Take the line with "Könnte beinhalten: Eine" and every line after it, through the end of the listing, and give them again exactly, pictures excluded.

# # # #

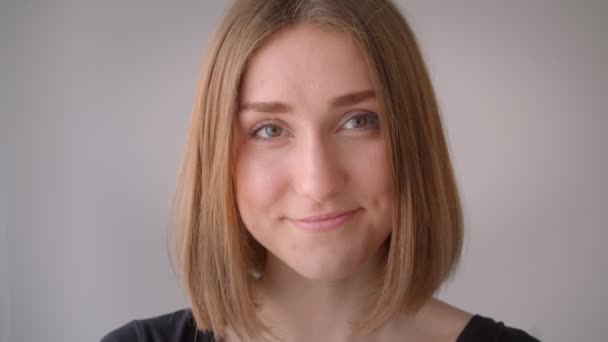 Portrét mladé, roztomile bělošské dívky s úsměvem na kameře v prázdném pokoji — Stock video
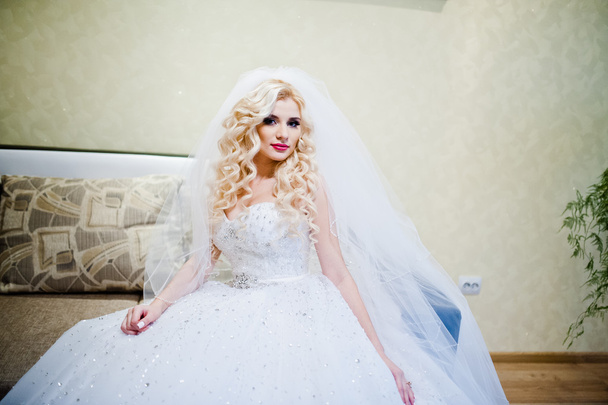 lockige blonde Braut sitzt und posiert auf dem Sofa - Foto, Bild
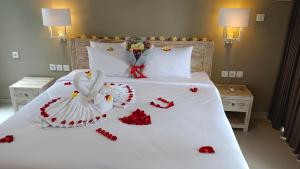 Kubu Garden Suites & Villas Nusa Dua客房内的一张或多张床位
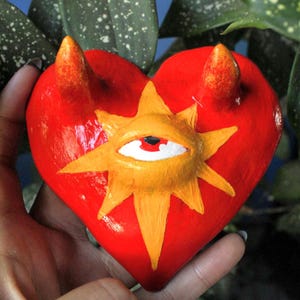 Könnte beinhalten: Eine rote herzförmige Skulptur mit orangefarbenen Hörnern und einem gelben Sternmuster mit einem Auge. Die Skulptur wird in einer Hand gehalten, mit grünem Laub im Hintergrund. Das Herz ist etwa 10 cm breit.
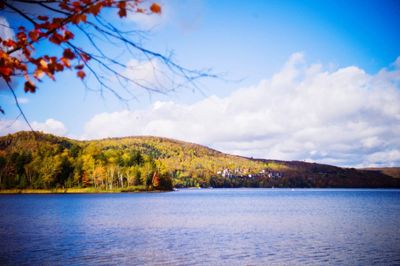 Scenic view of lake against cloudy sky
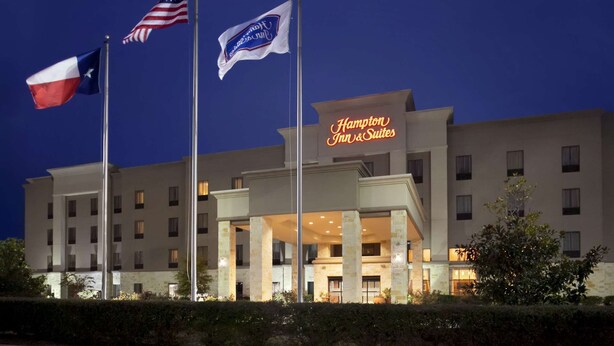 Ein Hotel mit einem Schild, auf dem 'Hampton Inn & Suites' steht, und mit den Flaggen der USA und von Texas.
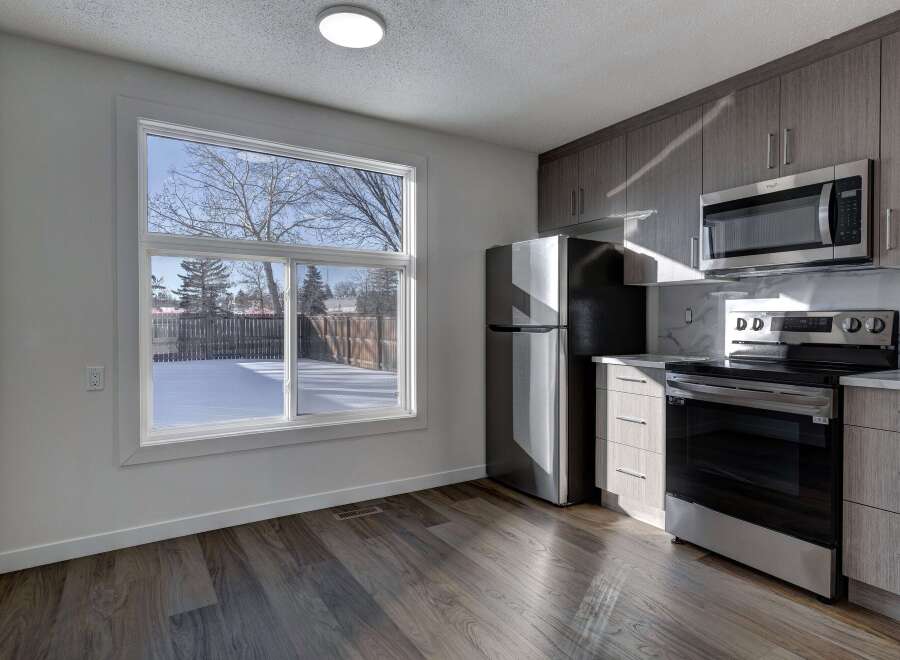Step into this stunning kitchen, boasting modern appliances and sleek cabinetry.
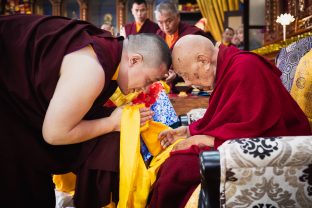 A moment of deep respect as Thaye Dorje, His Holiness the 17th Gyalwa Karmapa, offers His Eminence Luding Khenchen Rinpoche a mandala and a symbolic offering of body, speech and mind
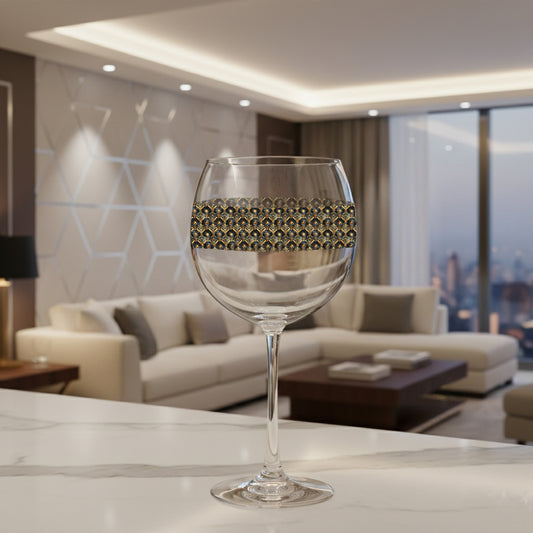 Astral Glow balloon wine glass with a black and bronze design on a counter with a modern living room in the background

# # # #

**Solution:**
 Könnte beinhalten: Eine rote herzförmige Skulptur mit orangefarbenen Hörnern und einem gelben Sternmuster mit einem Auge. Die Skulptur wird in einer Hand gehalten, mit grünem Laub im Hintergrund. Das Herz ist etwa 10 cm breit.
 Scenic view of lake against cloudy sky
 Ein Hotel mit einem Schild, auf dem 'Hampton Inn & Suites' steht, und mit den Flaggen der USA und von Texas.
Step into this stunning kitchen, boasting modern appliances and sleek cabinetry.
 A moment of deep respect as Thaye Dorje, His Holiness the 17th Gyalwa Karmapa, offers His Eminence Luding Khenchen Rinpoche a mandala and a symbolic offering of body, speech and mind
 Astral Glow balloon wine glass with a black and bronze design on a counter with a modern living room in the background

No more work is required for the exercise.